17 Two other matters arise which have some interrelation. Whilst, as I have indicated, it is clear that the plaintiffs should be successful on the motion to set aside the judgment, the plaintiffs are, I am afraid, in a most unhappy situation so far as compliance with the orders of the Court for the withdrawal of caveats is concerned. Mr Lawrence has raised and re-raised this issue with the Court. Mr Fairbairn, no doubt doing no more than conveying to the Court what instructions he has, has temporised and temporised about the withdrawal of these caveats. They are still not withdrawn. This situation cannot be allowed to continue. I propose to stand this matter over until 9.30 am on Tuesday, 8 October 2002. I direct that at that time the plaintiffs' present solicitor appear in this Court in person with either withdrawals of the caveats to hand over or with an explanation as to why this has not occurred, to be given by affidavit or on oath in the witness box. The explanation had better be a good one if the withdrawals are not here. This Court will simply not tolerate its orders being ignored in the way in which it appears at the moment that they have been ignored in this regard.
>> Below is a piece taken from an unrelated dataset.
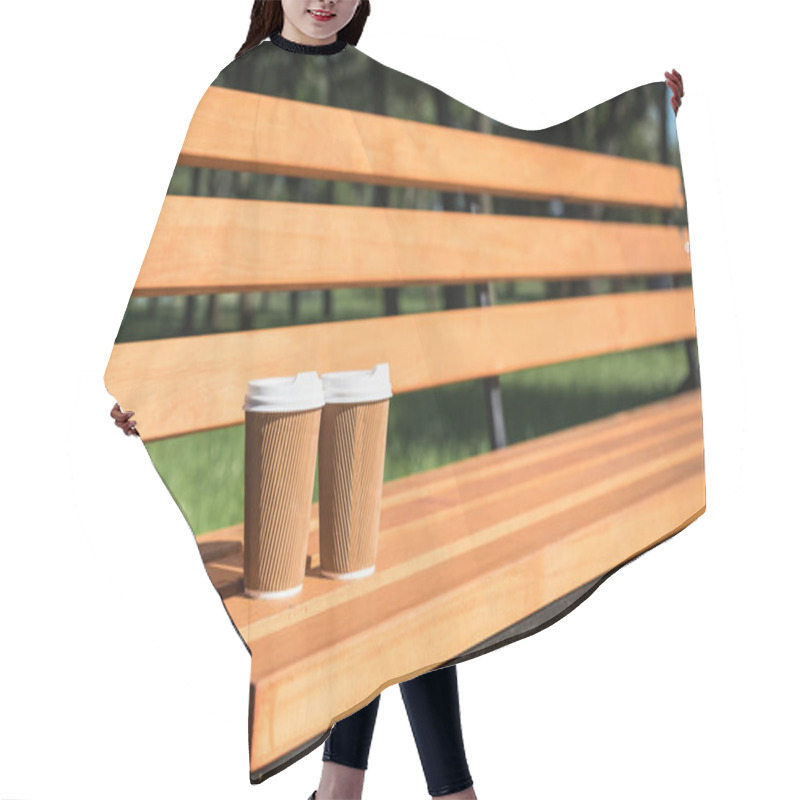 Personality  Disposable Coffee Cups On Bench Hair Cutting Cape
18 The plaintiffs desire an extension of injunctions which restrain any dealings with lot 13 pending the determination of these proceedings on appeal. I have granted injunctions up to today, indicating that, when the matter was concluded before me, I should only grant such further injunction as would permit the matter to come before a Judge of Appeal to determine the interlocutory regime pending the appeal. At the moment, because of the pendency of the motion that I am now dealing with, time for the filing of appeals in final form has been extended at least up to 21 October 2002. I am no longer prepared to go on giving injunctive relief to plaintiffs who are in default of obedience to orders relating to caveats. Upon Mr Fairbairn giving to the Court the usual undertaking as to damages, I shall extend the injunctions up to and including Tuesday next, 8 October 2002, but indicate that I shall continue the injunctions no further if there is not a satisfactory resolution on that day in relation to the caveats. I do not, between now and Tuesday, formally put in place a stay of the monetary judgment against the defendants, on the basis that Mr Fairbairn assures me there will be no step to enforce those judgments between now and Tuesday. The question of what further interlocutory relief there should be can be dealt with on Tuesday morning. As I have said, I trust that by that time the question of the withdrawals of caveat will have been dealt with, whereupon I shall probably return to willingness to make all orders necessary to hold the status quo until late October, when the Court of Appeal will be properly seized of the matter. I shall also deal on Tuesday with questions of the costs of the motion.
19 Upon the plaintiffs by their counsel giving to the Court the usual undertaking as to damages I continue the existing injunctions up to and including Tuesday, 8 October 2002. The notice of motion is stood over to 8 October 2002 at 9.30 am before me.